[Crawled caption data]
────

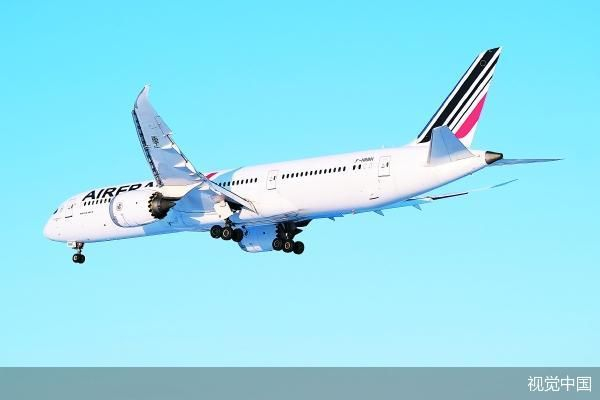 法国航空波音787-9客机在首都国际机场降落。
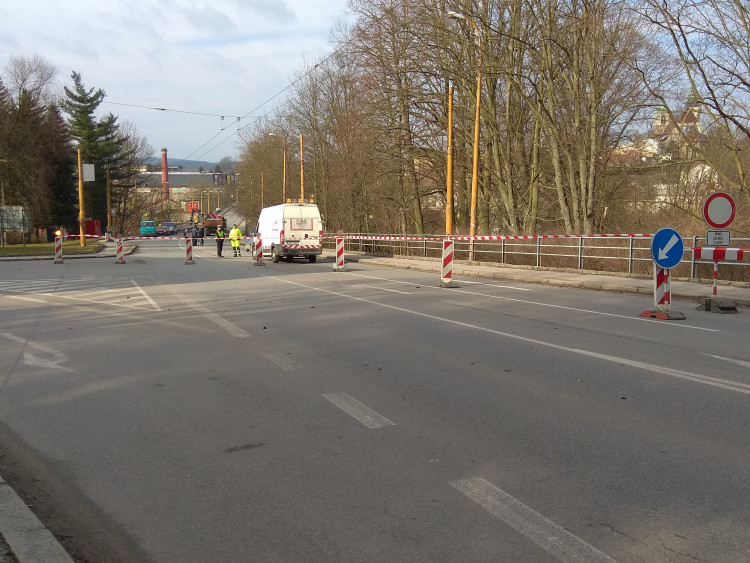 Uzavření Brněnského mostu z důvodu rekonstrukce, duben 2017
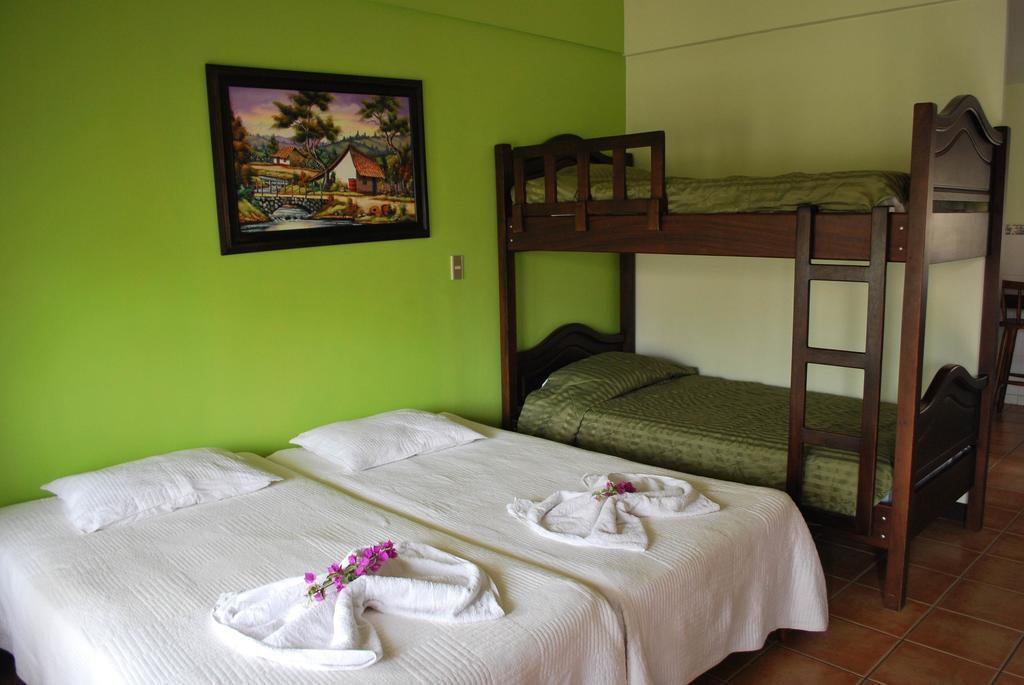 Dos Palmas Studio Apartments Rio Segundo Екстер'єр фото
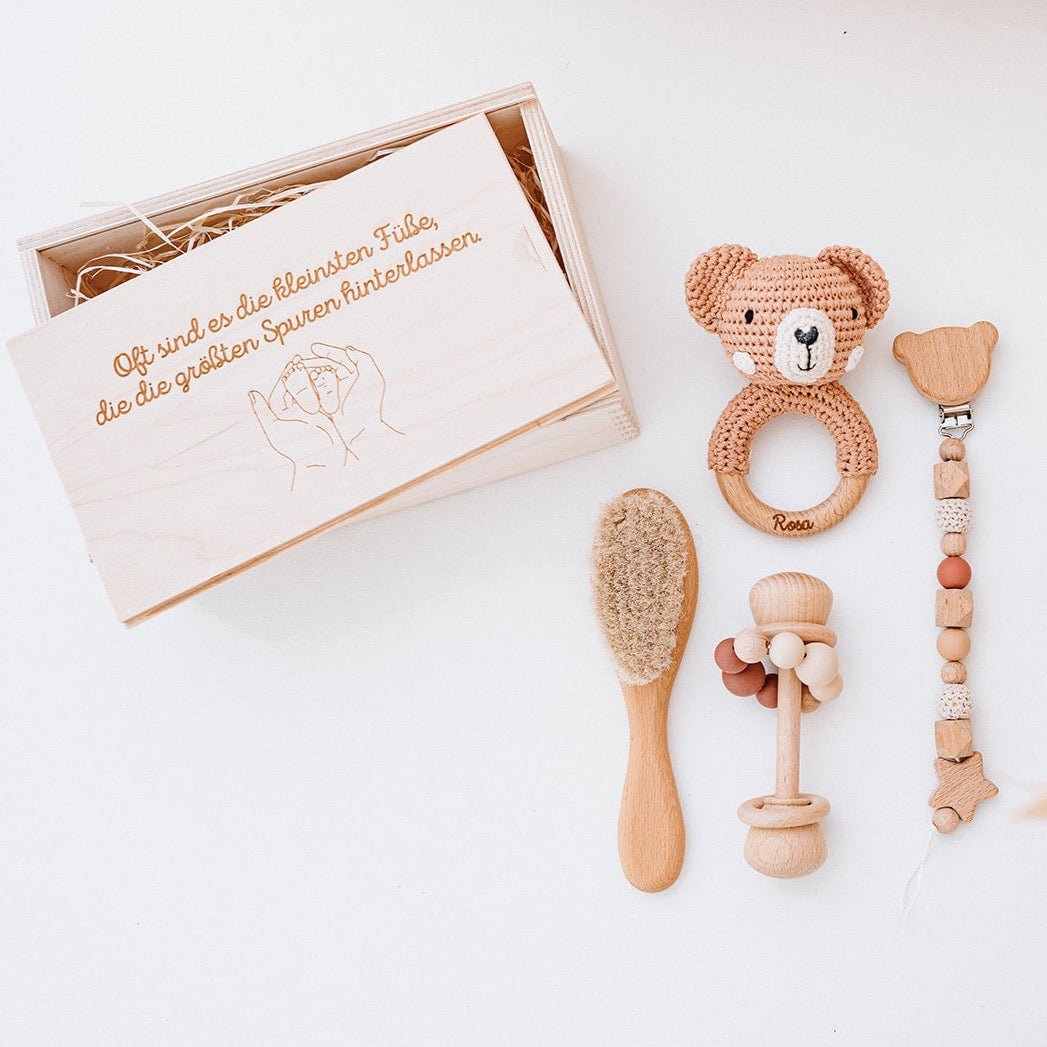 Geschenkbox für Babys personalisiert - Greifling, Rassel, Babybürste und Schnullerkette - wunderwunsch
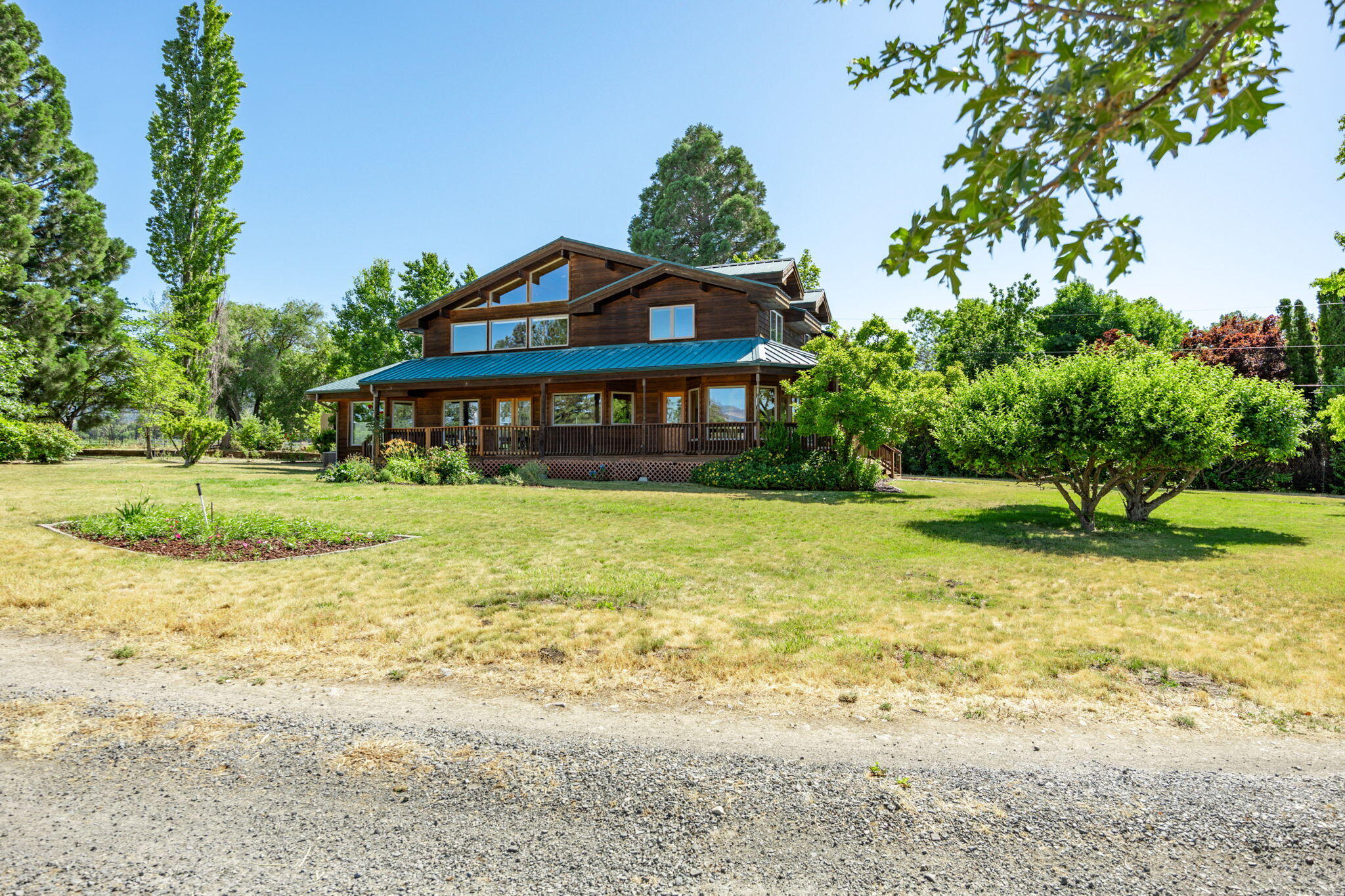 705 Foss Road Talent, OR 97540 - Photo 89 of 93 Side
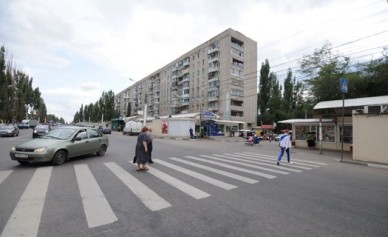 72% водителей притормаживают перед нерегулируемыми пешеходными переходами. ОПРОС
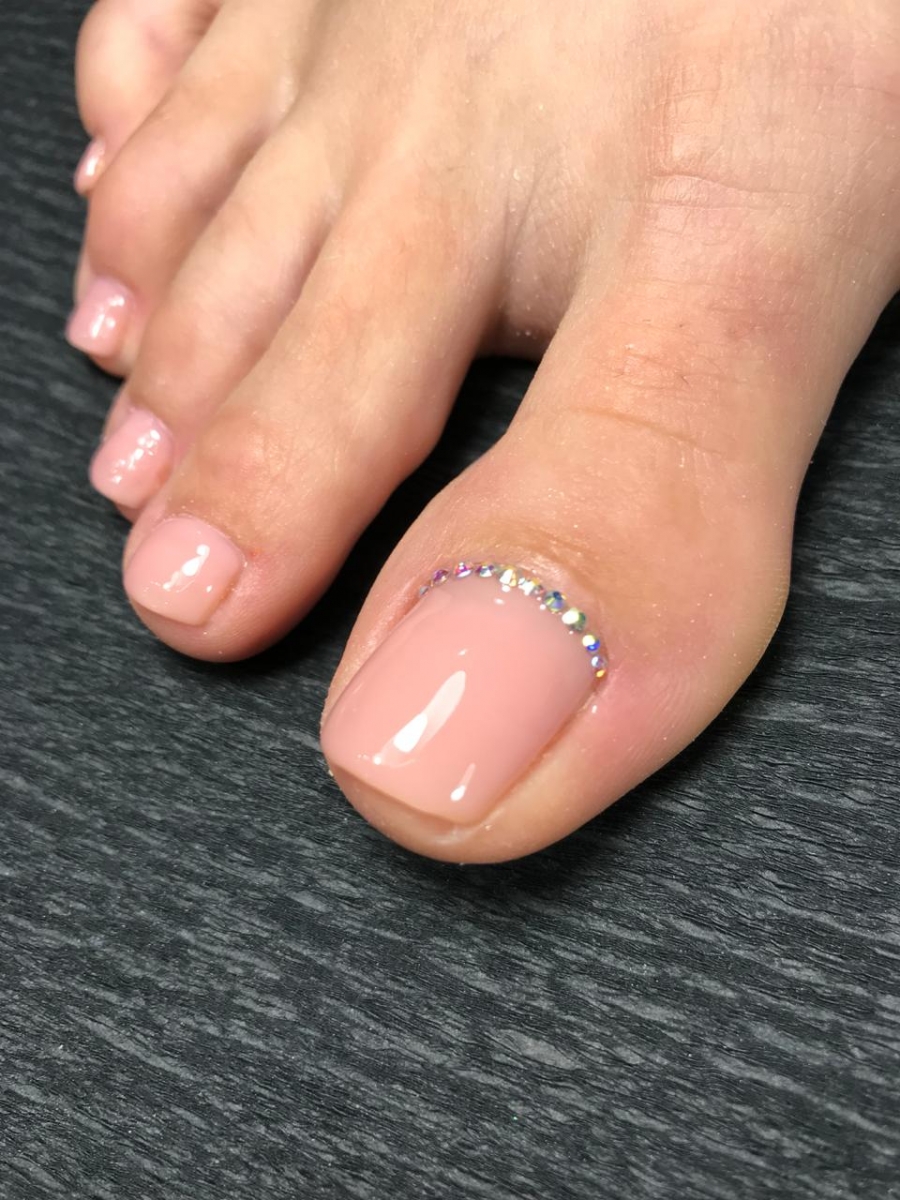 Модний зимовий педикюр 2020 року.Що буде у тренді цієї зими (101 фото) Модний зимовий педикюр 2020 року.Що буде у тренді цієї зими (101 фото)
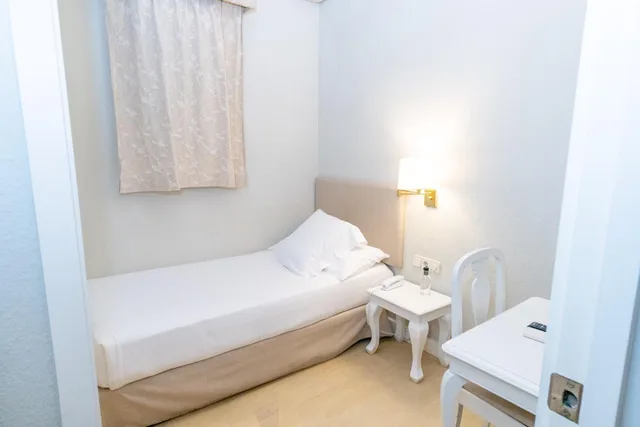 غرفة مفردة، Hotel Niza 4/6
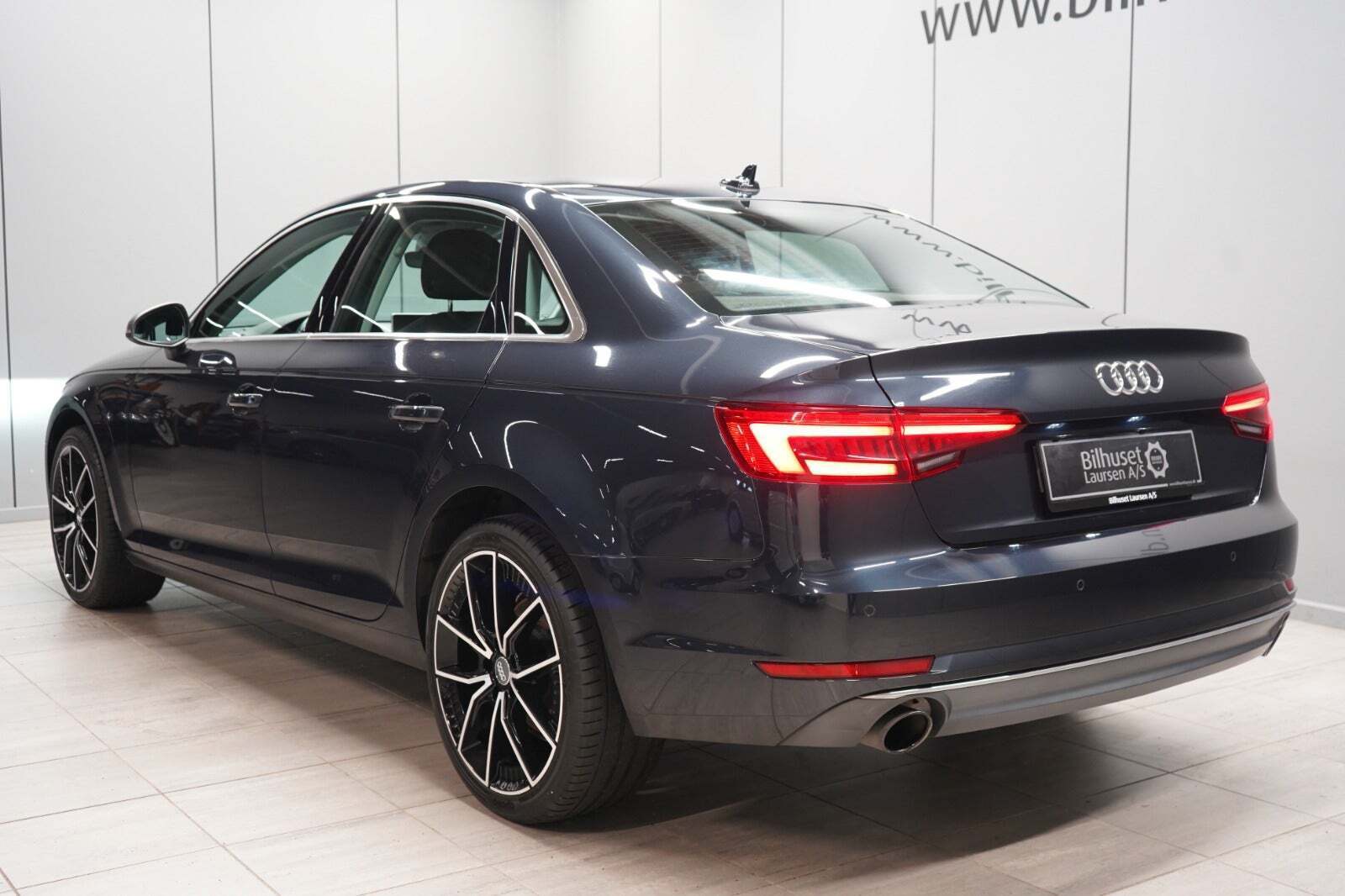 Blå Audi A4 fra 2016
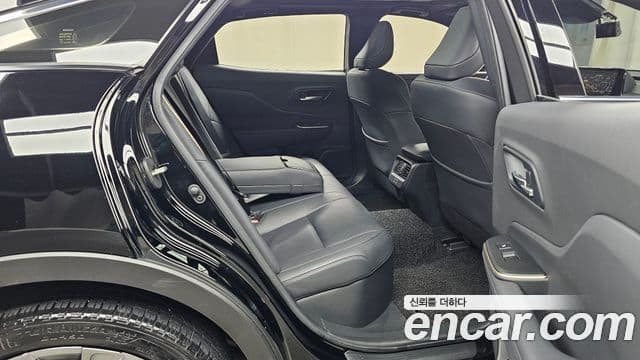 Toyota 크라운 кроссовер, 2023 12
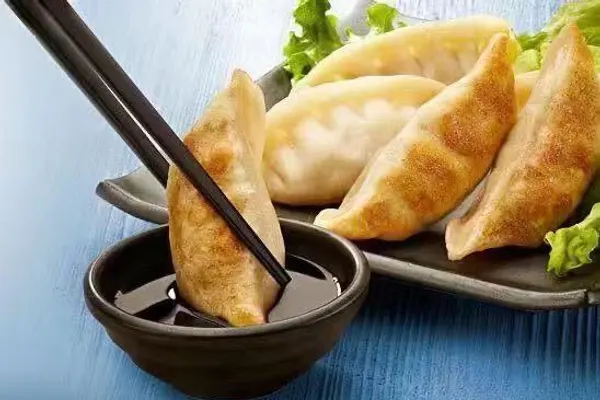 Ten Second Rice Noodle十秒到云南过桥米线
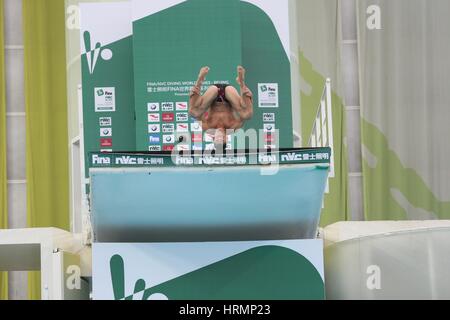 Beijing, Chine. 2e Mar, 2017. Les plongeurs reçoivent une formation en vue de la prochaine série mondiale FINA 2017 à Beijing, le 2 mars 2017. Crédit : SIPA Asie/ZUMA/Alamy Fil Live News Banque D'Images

────

INSTRUCTIONS TO FOLLOW
Leaving out the pictures, restate word for word the lines above from the one containing "Blå Audi A4 fra 2016" through the end of the records, both ends included.

YOUR SOLUTION
 Blå Audi A4 fra 2016
 Toyota 크라운 кроссовер, 2023 12
 Ten Second Rice Noodle十秒到云南过桥米线
 Beijing, Chine. 2e Mar, 2017. Les plongeurs reçoivent une formation en vue de la prochaine série mondiale FINA 2017 à Beijing, le 2 mars 2017. Crédit : SIPA Asie/ZUMA/Alamy Fil Live News Banque D'Images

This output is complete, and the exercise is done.